Exercise — The full listing, reproduced exactly, is what the response must contain.

*** Block opens ***

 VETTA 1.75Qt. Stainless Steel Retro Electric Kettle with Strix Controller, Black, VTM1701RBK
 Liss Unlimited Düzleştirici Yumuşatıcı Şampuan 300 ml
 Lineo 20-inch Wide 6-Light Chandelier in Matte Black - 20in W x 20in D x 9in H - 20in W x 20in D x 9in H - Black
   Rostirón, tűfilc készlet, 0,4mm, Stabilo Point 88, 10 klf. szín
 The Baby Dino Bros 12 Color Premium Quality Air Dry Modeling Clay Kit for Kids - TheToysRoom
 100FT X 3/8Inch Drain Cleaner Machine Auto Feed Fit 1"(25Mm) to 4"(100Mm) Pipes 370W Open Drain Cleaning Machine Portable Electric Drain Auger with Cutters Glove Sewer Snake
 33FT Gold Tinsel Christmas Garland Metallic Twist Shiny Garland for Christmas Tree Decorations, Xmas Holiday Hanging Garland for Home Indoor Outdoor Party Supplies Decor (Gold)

*** Block closes ***

Task response —
 VETTA 1.75Qt. Stainless Steel Retro Electric Kettle with Strix Controller, Black, VTM1701RBK
 Liss Unlimited Düzleştirici Yumuşatıcı Şampuan 300 ml
 Lineo 20-inch Wide 6-Light Chandelier in Matte Black - 20in W x 20in D x 9in H - 20in W x 20in D x 9in H - Black
   Rostirón, tűfilc készlet, 0,4mm, Stabilo Point 88, 10 klf. szín
 The Baby Dino Bros 12 Color Premium Quality Air Dry Modeling Clay Kit for Kids - TheToysRoom
 100FT X 3/8Inch Drain Cleaner Machine Auto Feed Fit 1"(25Mm) to 4"(100Mm) Pipes 370W Open Drain Cleaning Machine Portable Electric Drain Auger with Cutters Glove Sewer Snake
 33FT Gold Tinsel Christmas Garland Metallic Twist Shiny Garland for Christmas Tree Decorations, Xmas Holiday Hanging Garland for Home Indoor Outdoor Party Supplies Decor (Gold)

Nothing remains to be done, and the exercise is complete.